Saturday, August 05, 2006

On thought

"The modern-minded man, although he believes profoundly in the wisdom of his period, must be presumed to be very modest about his personal powers. His highest hope is to think first what is about to be thought, to say what is about to be said, and to feel what is about to be felt; he has no wish to think better thoughts than his neighbors, to say things showing more insight, or to have emotions which are not those of some fashionable group, but only to be slightly ahead of others in point of time. Quite deliberately he suppresses what is individual in himself for the sake of the admiration of the herd."

-- Bertrand Russell, "On Being Modern-Minded," Unpopular Essays
Correct perception, incorrect analysis. It is not possible for a human being to have a thought which is outside the capacity of humans to have; and if there is an absolute, universal, ontological truth - it must be one that can occur to anyone. Arcane, secret knowledge does not scale.

In this case, truth = onto. The fundamental logical equation upon which all nature and humanity is based. The original goal of all philosophy. From the Greek "to on", meaning "that which is". Ontology is the search for the basis of existence, with a view to explain and understand it and not stumble about in the dark. The meaning of life essentially, only not confined to life.

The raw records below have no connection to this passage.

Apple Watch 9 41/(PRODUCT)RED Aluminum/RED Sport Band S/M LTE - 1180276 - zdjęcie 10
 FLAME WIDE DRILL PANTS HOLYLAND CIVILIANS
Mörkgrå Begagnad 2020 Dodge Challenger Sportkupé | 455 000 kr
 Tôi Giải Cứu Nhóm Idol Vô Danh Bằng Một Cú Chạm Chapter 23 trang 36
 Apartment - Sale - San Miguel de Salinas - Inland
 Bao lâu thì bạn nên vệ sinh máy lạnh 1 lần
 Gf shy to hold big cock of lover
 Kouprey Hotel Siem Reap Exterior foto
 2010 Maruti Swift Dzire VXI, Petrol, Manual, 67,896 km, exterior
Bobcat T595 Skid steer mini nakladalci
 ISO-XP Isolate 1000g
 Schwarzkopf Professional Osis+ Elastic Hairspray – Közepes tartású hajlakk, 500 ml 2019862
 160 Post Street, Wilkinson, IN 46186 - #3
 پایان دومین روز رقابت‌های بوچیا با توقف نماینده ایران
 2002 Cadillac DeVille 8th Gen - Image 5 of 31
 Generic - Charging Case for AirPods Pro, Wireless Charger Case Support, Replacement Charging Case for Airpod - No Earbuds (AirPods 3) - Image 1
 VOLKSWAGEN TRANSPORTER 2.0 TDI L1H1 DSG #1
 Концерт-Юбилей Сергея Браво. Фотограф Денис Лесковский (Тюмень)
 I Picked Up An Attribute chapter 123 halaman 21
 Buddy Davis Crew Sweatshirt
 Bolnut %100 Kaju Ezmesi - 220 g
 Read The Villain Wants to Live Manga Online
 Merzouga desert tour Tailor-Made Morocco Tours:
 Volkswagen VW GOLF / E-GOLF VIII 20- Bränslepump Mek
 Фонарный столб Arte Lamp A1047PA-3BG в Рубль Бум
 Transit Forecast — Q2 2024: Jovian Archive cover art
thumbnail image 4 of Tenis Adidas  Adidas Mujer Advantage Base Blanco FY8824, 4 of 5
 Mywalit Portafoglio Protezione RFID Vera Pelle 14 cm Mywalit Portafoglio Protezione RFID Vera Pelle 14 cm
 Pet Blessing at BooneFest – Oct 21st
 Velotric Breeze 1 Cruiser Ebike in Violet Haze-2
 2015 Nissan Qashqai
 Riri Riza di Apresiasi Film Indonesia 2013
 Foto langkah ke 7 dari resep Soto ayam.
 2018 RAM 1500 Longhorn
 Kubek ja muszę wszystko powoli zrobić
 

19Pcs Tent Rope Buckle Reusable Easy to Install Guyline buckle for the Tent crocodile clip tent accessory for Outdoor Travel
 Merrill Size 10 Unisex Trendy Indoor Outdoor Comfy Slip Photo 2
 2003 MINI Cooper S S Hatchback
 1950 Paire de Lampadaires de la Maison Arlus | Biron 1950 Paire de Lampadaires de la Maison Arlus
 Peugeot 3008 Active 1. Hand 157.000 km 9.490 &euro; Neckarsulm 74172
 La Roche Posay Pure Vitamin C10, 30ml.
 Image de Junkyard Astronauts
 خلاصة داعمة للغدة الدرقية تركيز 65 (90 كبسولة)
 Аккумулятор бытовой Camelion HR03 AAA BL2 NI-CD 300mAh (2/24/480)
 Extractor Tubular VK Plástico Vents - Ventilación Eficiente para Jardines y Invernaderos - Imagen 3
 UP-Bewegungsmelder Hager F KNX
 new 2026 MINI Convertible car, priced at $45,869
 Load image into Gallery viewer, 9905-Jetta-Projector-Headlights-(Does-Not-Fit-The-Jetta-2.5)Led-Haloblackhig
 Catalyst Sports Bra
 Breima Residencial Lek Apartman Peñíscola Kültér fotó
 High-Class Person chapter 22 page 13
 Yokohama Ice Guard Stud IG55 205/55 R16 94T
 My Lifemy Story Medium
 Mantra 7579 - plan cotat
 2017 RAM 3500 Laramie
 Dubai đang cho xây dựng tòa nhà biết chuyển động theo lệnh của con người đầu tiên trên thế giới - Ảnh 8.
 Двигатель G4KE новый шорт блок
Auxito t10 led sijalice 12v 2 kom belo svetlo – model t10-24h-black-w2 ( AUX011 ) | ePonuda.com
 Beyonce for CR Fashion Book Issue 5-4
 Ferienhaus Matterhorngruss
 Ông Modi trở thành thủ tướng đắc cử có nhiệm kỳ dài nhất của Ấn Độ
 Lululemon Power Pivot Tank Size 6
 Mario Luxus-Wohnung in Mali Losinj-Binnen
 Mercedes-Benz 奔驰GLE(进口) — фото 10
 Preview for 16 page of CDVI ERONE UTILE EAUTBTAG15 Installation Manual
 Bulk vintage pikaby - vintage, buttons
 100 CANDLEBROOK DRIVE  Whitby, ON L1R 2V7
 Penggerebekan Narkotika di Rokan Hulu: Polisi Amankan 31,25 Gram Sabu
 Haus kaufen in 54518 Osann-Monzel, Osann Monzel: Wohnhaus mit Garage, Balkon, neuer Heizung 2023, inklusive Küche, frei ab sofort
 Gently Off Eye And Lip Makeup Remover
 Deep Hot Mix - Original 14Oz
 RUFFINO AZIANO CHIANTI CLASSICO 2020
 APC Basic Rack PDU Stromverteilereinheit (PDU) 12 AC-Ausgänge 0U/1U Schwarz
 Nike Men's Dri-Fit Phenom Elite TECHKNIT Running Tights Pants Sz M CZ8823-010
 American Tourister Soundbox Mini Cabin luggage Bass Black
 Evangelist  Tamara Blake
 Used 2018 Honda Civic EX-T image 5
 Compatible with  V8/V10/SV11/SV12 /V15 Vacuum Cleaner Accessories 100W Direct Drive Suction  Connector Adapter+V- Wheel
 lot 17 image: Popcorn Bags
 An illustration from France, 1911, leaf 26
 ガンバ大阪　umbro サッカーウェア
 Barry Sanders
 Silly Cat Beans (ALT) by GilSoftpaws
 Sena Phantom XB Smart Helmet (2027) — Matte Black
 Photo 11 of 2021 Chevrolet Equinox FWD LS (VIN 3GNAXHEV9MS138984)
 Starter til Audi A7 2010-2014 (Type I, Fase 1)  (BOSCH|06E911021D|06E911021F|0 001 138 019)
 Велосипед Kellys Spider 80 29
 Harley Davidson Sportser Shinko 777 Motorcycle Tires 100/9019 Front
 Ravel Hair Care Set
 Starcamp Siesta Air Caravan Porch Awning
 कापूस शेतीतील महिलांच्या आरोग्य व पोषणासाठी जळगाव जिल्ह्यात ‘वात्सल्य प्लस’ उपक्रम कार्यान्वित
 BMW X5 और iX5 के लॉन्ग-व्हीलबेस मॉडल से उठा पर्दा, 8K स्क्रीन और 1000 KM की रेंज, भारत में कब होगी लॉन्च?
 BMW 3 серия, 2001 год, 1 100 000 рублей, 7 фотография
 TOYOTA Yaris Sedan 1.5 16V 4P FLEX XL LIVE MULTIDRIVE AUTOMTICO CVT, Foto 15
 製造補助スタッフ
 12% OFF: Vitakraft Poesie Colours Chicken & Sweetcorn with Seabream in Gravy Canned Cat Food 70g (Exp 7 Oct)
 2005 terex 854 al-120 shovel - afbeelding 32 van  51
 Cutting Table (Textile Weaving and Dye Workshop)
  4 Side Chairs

Any thought that an exceptional thinker may have is but one that somebody else would have come upon later (and often enough, somebody has come upon before, but didn't have as good PR). All known philosophy which is in an imperfect sense true, that is, applicable to the perceived world in a useful way, has been created through a titanic effort by the outstanding thinkers of old. But to a modern man who had the benefit of modern schooling, it is self-evident. Both philosophers and students of philosophy like to talk in very complicated phrases - partly for snobbish exclusionism, partly because between two people proficient in the vernacular it really is a more efficient way of sharing ideas. Yet, once you get past all the pretty turn of phrase, the author's point can be summed up in a simple sentence.

Now, humanity's average capability for intelligent thought is not likely to increase very dramatically over time, at least not in the evolutionary blink of an eye we've had to develop philosophy (less than five thousand years); a historical genius, presented with the knowledge base of 2006 AD, would be able to do wonderful things with it.

The point being: any exceptional thought that a genius philosopher may have is inevitably going to be bloody obvious to people living some time after him. Thus it is moronic to suggest that staying ahead of the curve is ignoble. The tidal wave will assimilate you whatever you do. It's just a matter of the interval. Very smart people are far ahead of the surf, marginally above average ones are marginally ahead of it. (And the really smart ones don't get ahead of the surf at all - they point the wave in the right direction.)

Exceptional thought is always self-evident thought expressed before it became self-evident.